Try it: Produce a word-for-word copy of the data that follows, excluding images.

Data section:
________

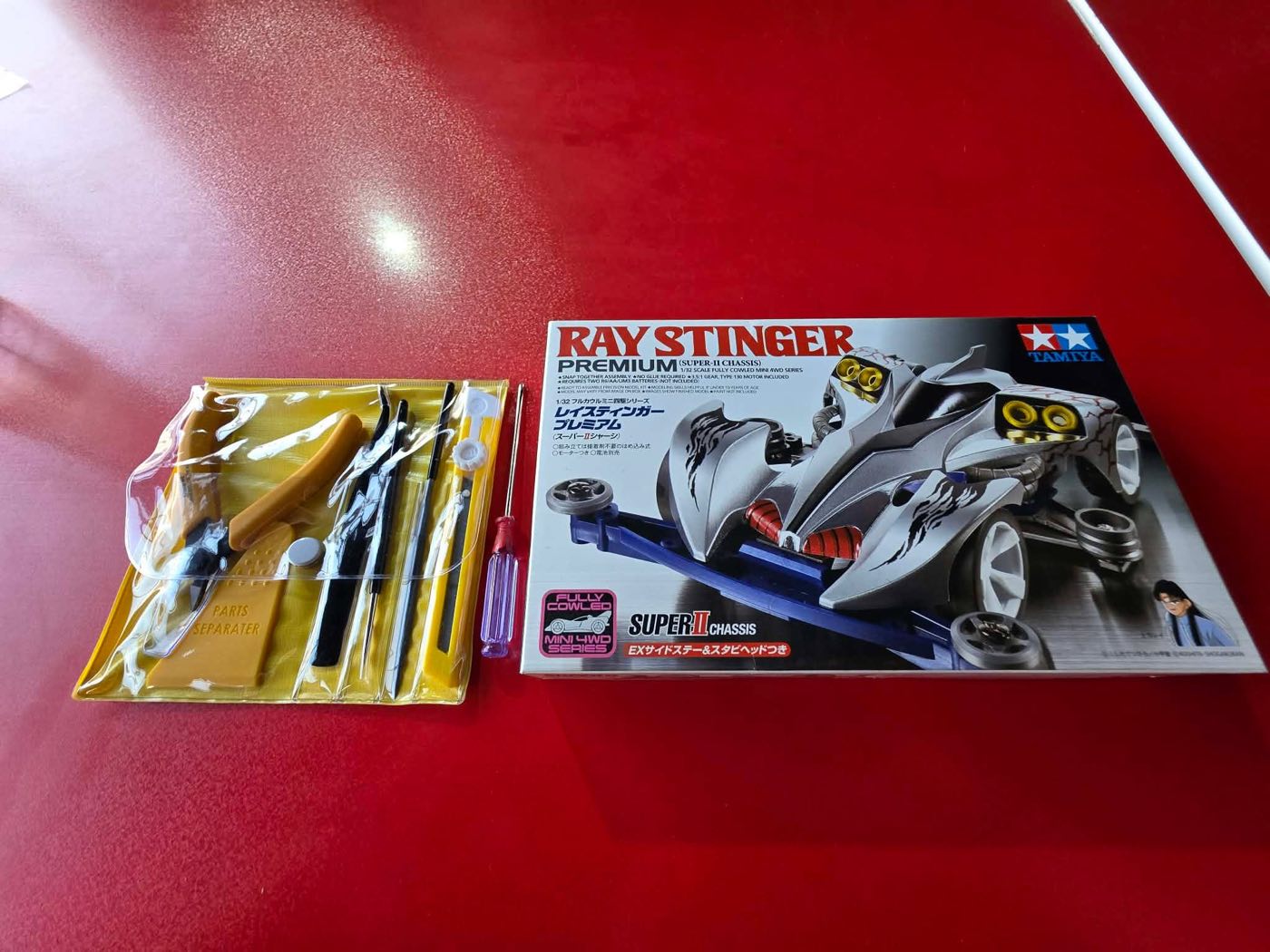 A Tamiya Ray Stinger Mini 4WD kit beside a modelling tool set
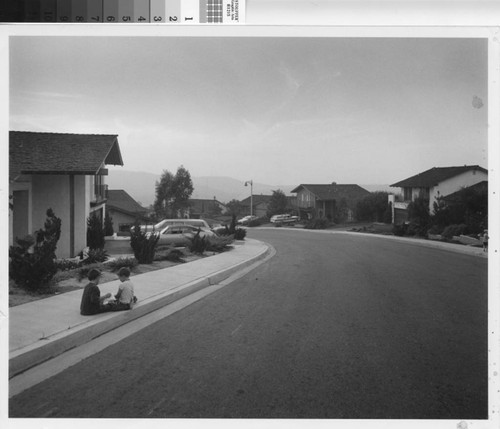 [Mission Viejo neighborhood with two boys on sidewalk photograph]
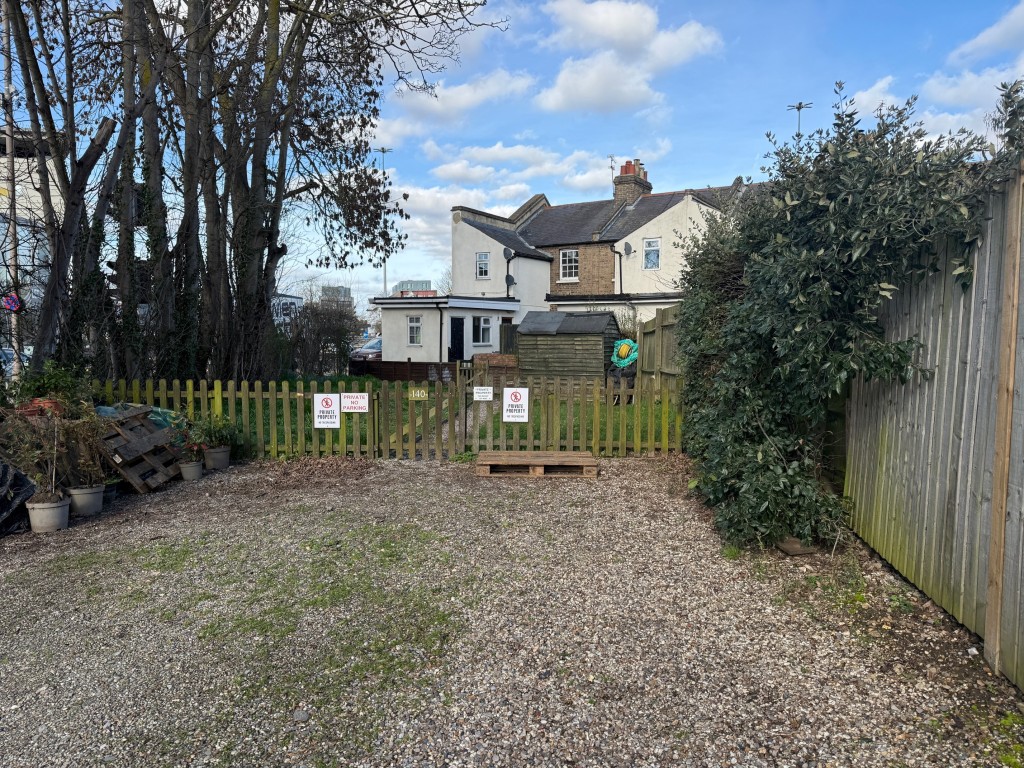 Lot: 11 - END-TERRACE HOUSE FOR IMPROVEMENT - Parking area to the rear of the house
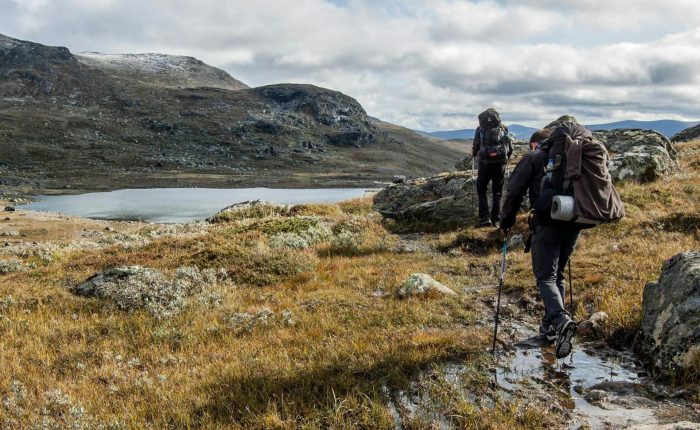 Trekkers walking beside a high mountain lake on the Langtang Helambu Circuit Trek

________

Answer for the task:
 A Tamiya Ray Stinger Mini 4WD kit beside a modelling tool set
 [Mission Viejo neighborhood with two boys on sidewalk photograph]
 Lot: 11 - END-TERRACE HOUSE FOR IMPROVEMENT - Parking area to the rear of the house
 Trekkers walking beside a high mountain lake on the Langtang Helambu Circuit Trek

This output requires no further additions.